In Afghanistan, the tragic Kandahar killing spree has prompted renewed talk about the proposed U.S. Afghan Strategic Partnership Agreement. At stake in these discussions is the security of Afghanistan, the U.S. and the region. Citizens in the U.S. and Afghanistan should be urgently exchanging their views or concerns about this partnership. Many are not even aware of it.
Currently, citizens of Syria and the world can at least discuss Kofi Annan’s warning that the situation in Syria should be handled "very, very carefully" to avoid an escalation that would de-stabilize the region, after an earlier warning against further militarization of the Syrian crisis. The crisis in Afghanistan is as severe as the one in Syria, if not more chronic. Two million Afghans have been killed four decades of war. Yet, not a single diplomat is warning against the further militarization of the Afghan crisis.
The previous U.N. Envoy to Afghanistan, Kai Edie, did try:“The most important reason for my bitterness was my ever-growing disagreement with Washington's strategy in Afghanistan,” Kai Edie writes, in his book Power Struggle over Afghanistan. “It had become increasingly dominated by military strategies, forces, and offensives. Urgent civilian and political requirements were treated as appendices to the military tasks. The U.N. had never been really involved or consulted by Washington on critical strategy-related questions, nor had even the closest NATO partners. More importantly, Afghan authorities had mostly been spectators to the formation of a strategy aimed at solving the conflict in their own country.”
It has taken the tragic killing-spree of 16 civilians in Kandahar for the world to notice the anger that the war has enflamed in the hearts of both U.S. soldiers and Afghan mothers.
Military and foreign policy elites in Washington have encouraged a conventional presumption that the ‘war on terror’ requires a long-term U.S. military presence in Afghanistan. Underlying that presumption is a deeper assumption that ‘terrorism’ can be resolved through war. That is, the supposition is that humanity can somehow counter ‘terrorism’ by killing as many ‘terrorists’ as possible, regardless of the anger these killings, so similar in themselves to terrorist acts, must necessarily fuel, not to mention the costly ‘collateral damage.’

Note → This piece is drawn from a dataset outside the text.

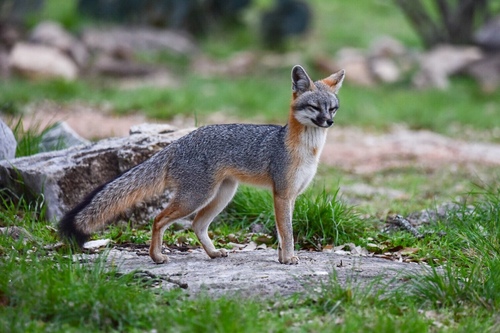 Image of Gray Fox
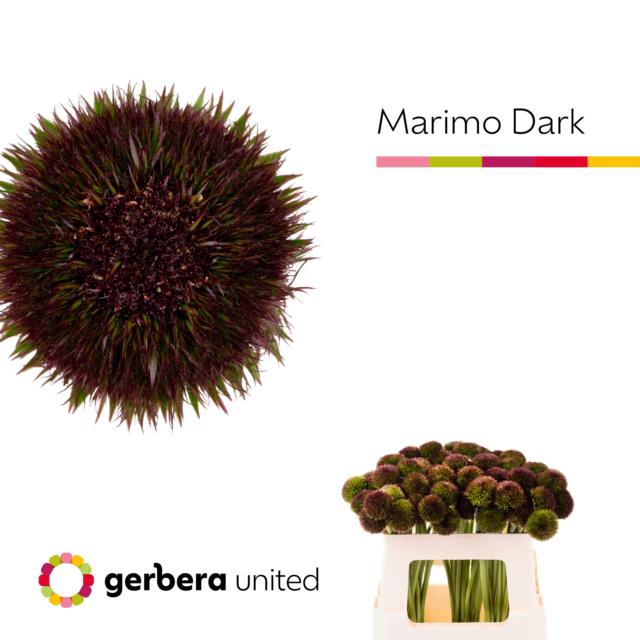 <h4>Germini marimo dark</h4>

Taxpayers from the 50 coalition countries involved in the Afghan war should be alarmed at how and where their money is spent. They should be considering how they would feel were they offered $2000 in compensation for the murder of a child, husband, father or mother, the compensation NATO handed out ‘ex-gratia’ (with no admission of its own wrongdoing) to the families of the 16 children, women and men slaughtered in their sleep on March 11,2012.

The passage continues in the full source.